期刊名称:Proceedings of the National Academy of Sciences
印刷版ISSN:0027-8424
电子版ISSN:1091-6490
出版年度:2020
卷号:117
期号:42
页码:26254-26262
DOI:10.1073/pnas.2001823117
出版社:The National Academy of Sciences of the United States of America
摘要:Tropical forest ecosystems are facing unprecedented levels of degradation, severely compromising habitat suitability for wildlife. Despite the fundamental role biodiversity plays in forest regeneration, identifying and prioritizing degraded forests for restoration or conservation, based on their wildlife value, remains a significant challenge. Efforts to characterize habitat selection are also weakened by simple classifications of human-modified tropical forests as intact vs. degraded, which ignore the influence that three-dimensional (3D) forest structure may have on species distributions. Here, we develop a framework to identify conservation and restoration opportunities across logged forests in Borneo. We couple high-resolution airborne light detection and ranging (LiDAR) and camera trap data to characterize the response of a tropical mammal community to changes in 3D forest structure across a degradation gradient. Mammals were most responsive to covariates that accounted explicitly for the vertical and horizontal characteristics of the forest and actively selected structurally complex environments comprising tall canopies, increased plant area index throughout the vertical column, and the availability of a greater diversity of niches. We show that mammals are sensitive to structural simplification through disturbance, emphasizing the importance of maintaining and enhancing structurally intact forests.

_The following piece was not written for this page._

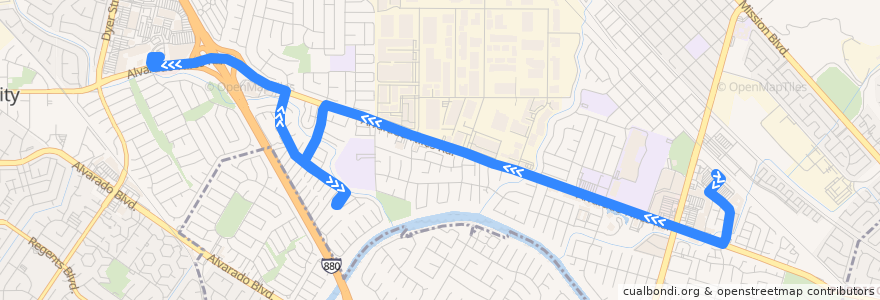 Mapa del recorrido Union City Transit 3: Union City BART => Union Landing Transit Center de la línea  en Union City.
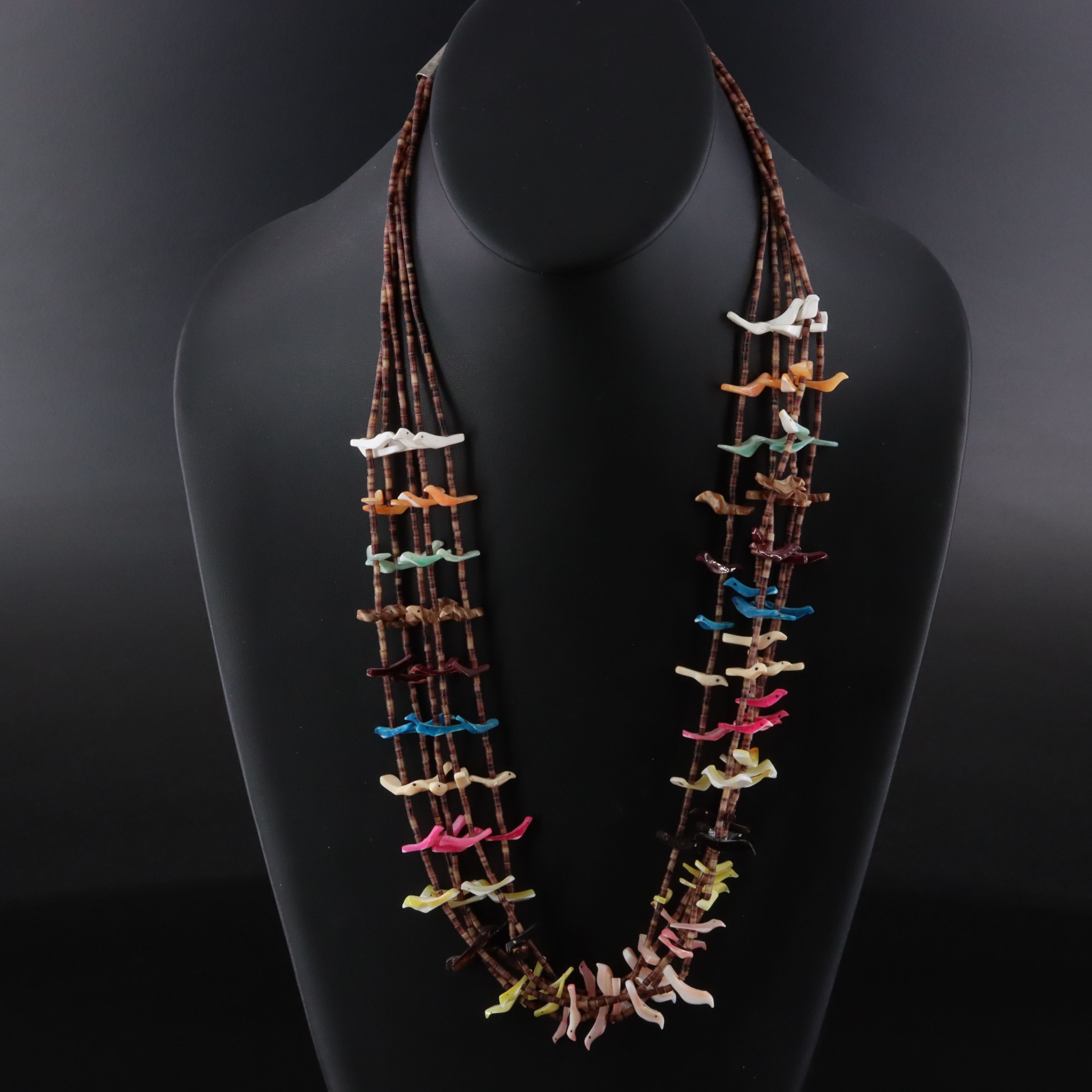 Multi-Strand Fetish Necklace Including Mother-of-Pearl and Shell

By calculating occurrence thresholds of species in response to forest structural change, we identify areas of degraded forest that would provide maximum benefit for multiple high-conservation value species if restored. The study demonstrates the advantages of using LiDAR to map forest structure, rather than relying on overly simplistic classifications of human-modified tropical forests, for prioritizing regions for restoration.